L’étude des années 1980 à nos jours
La période de 1980 à nos jours constitue la dernière couche historique qui s’est déposée de façon significative sur la trame que représente la société québécoise. Il s’agit de la première période historique vers laquelle on se tourne spontanément pour comprendre les principaux enjeux qui façonnent notre société, comme la question identitaire et le rapport à l’Autre, les défis énergétiques, la protection de l’environnement, la justice sociale, etc.
Près de quarante ans se sont écoulés depuis le début des années 1980. Je considère donc que l’historien possède le recul nécessaire pour analyser scientifiquement les années 1980, du moins jusqu’au début des années 2000. En ce qui concerne les dix ou quinze dernières années, il peut et doit assurément en parler puisque celles-ci assurent la continuité entre le passé révolu et le présent. Il ne dispose toutefois pas des outils nécessaires pour proposer une interprétation pleinement détachée de l’actualité.
Il existe deux manières d’aborder l’histoire des années 1980. La première consiste à percevoir cette période comme le chainon manquant entre cette période phare de l’histoire du Québec que constitue la Révolution tranquille (RT) des années 1960 et 1970 et le temps présent, celui dans lequel s’inscrit l’expérience de vie des étudiants du secondaire et de tous les citoyens.
Il s’agit ici de comprendre les grands phénomènes qui ont bouleversé la société québécoise de nos parents et de nos grands-parents, pourquoi ils sont survenus et, enfin, ce qui a changé depuis la RT.
On peut également partir d’enjeux contemporains tirés de l’actualité (mouvement #MeToo, contestations autochtones, excuses du premier ministre du Canada, Justin Trudeau, envers les homosexuels, les lesbiennes et les transgenres, etc.) et remonter dans le temps pour les historiciser. La période des années 1980 à nos jours s’avère souvent riche en évènements susceptibles d’expliquer l’origine ou du moins les derniers développements en lien avec ces enjeux.
Trois grands enjeux de société
Parmi les grands enjeux qui ont agité la société québécoise depuis les années 1980, trois retiennent particulièrement mon attention : la question nationale, la place et le rôle de l’État dans la société, et enfin les nouveaux mouvements sociaux et les revendications de la société civile.
La question nationale
Ayant contribué à modifier la culture politique québécoise à partir des années 1960, la question nationale se caractérise par les conflits constitutionnels, les débats linguistiques, la question identitaire.
Pour faire court, de très nombreux Canadiens français du Québec qui se disent progressivement des Québécois adoptent un nouveau nationalisme revendicateur et considèrent appartenir à une nation majoritaire au sein des frontières du Québec : c’est la question identitaire.
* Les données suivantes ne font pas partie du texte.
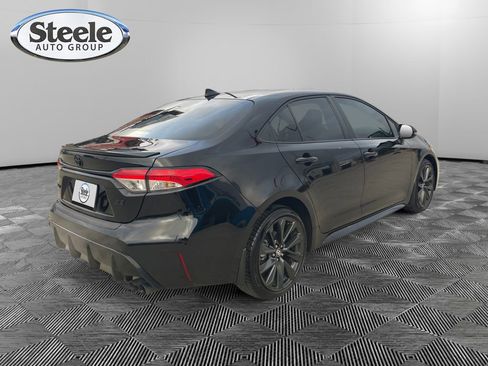 Used 2025 Toyota Corolla SE image 5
Ils travaillent à la création d’un État québécois fort et interventionniste et souhaitent une nouvelle place pour le Québec au sein du Canada.
Cette situation engendre des conflits constitutionnels incessants avec Ottawa, que ce soit du côté des fédéralistes qui souhaitent un statut particulier pour le Québec ou encore du côté des souverainistes qui réclament la création d’un État québécois indépendant, mais économiquement connecté avec son voisin canadien.
Marginal au début des années 1960, le mouvement souverainiste prend de l’ampleur au fur et à mesure que progresse la décennie, en particulier grâce à trois personnages charismatiques : Pierre Bourgault et René Lévesque pour les souverainistes, et Pierre-Elliott Trudeau avec sa vision d’un Canada uni et d’un État central fort. Enfin, plusieurs nationalistes québécois, fédéralistes comme souverainistes, souhaitent que le Québec légifère en matière linguistique afin de protéger la langue française : c’est la question linguistique qui mène à l’adoption de la Charte de la langue française en 1977.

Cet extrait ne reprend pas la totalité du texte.